New light rail system for Montreal by 2020. Seriously?

The prospect of a brand new light rail system criss-crossing the greater Montreal area has commuters around the city dreaming of quicker rides into work. But large-scale public works projects in Quebec have a somewhat mixed history. How realistic is this one?

Ambitious project still faces major financing hurdle

The proposed light-rail system would cross the new Champlain Bridge. (Infrastructure Canada)

The prospect of a brand new light rail system criss-crossing the greater Montreal area has commuters around the city dreaming of quicker rides into work. 

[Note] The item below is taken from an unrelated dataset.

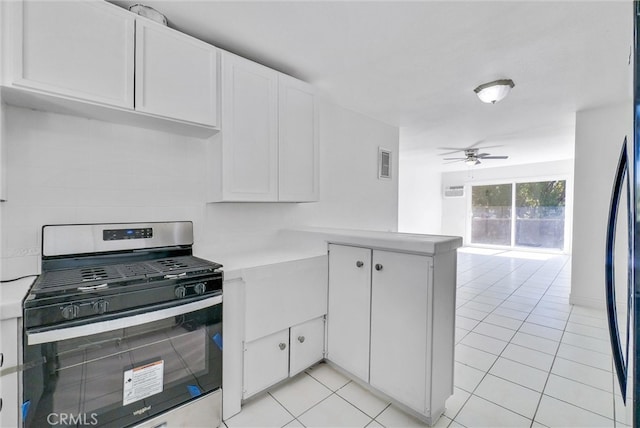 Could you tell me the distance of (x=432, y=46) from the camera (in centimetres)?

There is no question about the ambition of the project; it's already being hailed as Montreal's largest expansion of public infrastructure since the Metro system was built. 

But large-scale public works projects in Quebec have somewhat of a mixed history. The rail system's backers are predicting the 67-kilometre network will board its first passengers less than five years from now

It took almost 10 years, though, to complete a five-kilometre extension of the Metro's Orange line to Laval, and that end up costing $745 million, hundreds of millions more than initial estimates. 

One of the new commuter rail stations envisioned by the Caisse de dépôt et placement du Québec. (Caisse de dépôt et placement du Québec)

Quebec politicians of all stripes have also been announcing extensions of the Metro's Blue line for close to a decade, none of which of have yet to come to fruition. 

Show me the money

​Before a train leaves a light-rail station, $2.5 billion in funding still needs to be found. The Caisse de dépôt et placement du Québec has only committed $3 billion to a project slated to cost $5.5 billion. 

The balance is likely to come from Ottawa and Quebec. Provincial Transport Minister Jacques Daoust hinted the two levels of government will split the cost between them. 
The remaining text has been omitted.